Wednesday, April 27th
4:20 PM-
A-103: Development Tools/Platforms (Architectures/Software/Tools Track)
Paper Title: Choosing a Platform for FPGA-Based In-Network Compute Acceleration

Paper Abstract: FPGA-based SmartNICs are a common way to accelerate data-in-motion processing in networks. Most developers use one of the platforms that contain a wide variety of system utilities, drivers, and other essential software components. Typical examples are the Intel-developed DPDK (Linux user-space software with poll-mode drivers), CORUNDUM (an open-source HDL implementation), and NPAP (a TCP/IP full accelerator implemented in VHDL by Fraunhofer in Germany). DPDK is the most widely used of these by far, but the others often have advantages in functionality and performance. Combining them can be beneficial, but often can take a lot of extra effort. Results implemented using various FPGA boards from Intel, Xilinx, and others show what developers may expect in practice.

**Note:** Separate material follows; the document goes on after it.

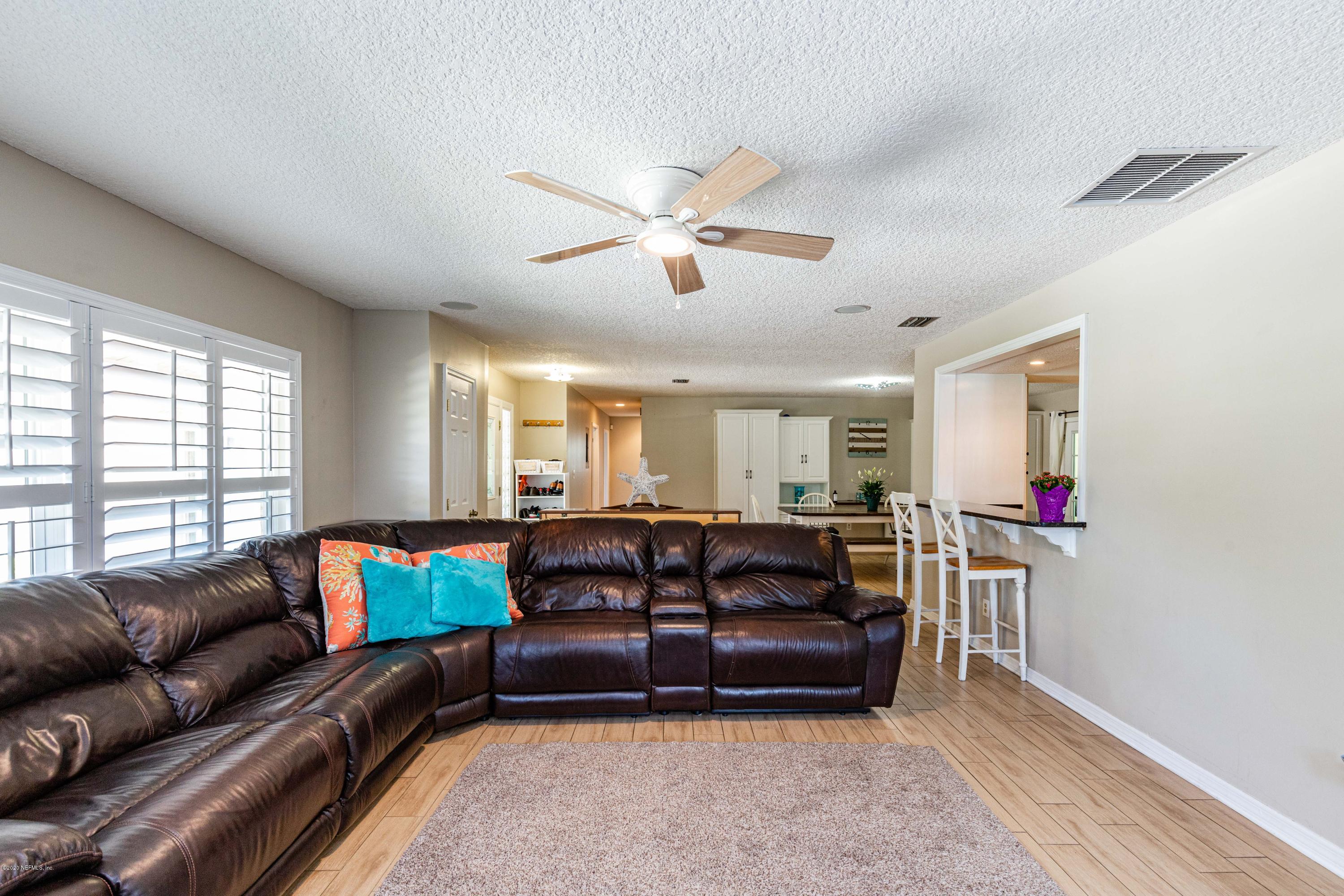 56 Solana Road Ponte Vedra Beach, FL 32082 - Photo 20 of 47 a living room with furniture and a window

Paper Author: Endric Schubert, CTO, Missing Link Electronics
Ulrich Langenbach, Director Engineering, Missing Link Electronics

Author Bio: Endric Schubert is an experienced technologist and entrepreneur in electronic and semiconductor design. He is currently CTO at Missing Link Electronics, which specializes in FPGA-based acceleration for networking, communications, and storage applications. His background includes software engineering, FPGA technology, reconfigurable computing, and embedded systems design. He has extensive experience in FPGA-based design, ASIC development, IP creation, and software development. He has authored technical publications, holds several patents, and has given lectures on electronic system design. Endric earned an Electrical Engineering degree (Dipl.-Ing.) from University of Karlsruhe, Germany and a PhD in computer science from the University of Tübingen, Germany.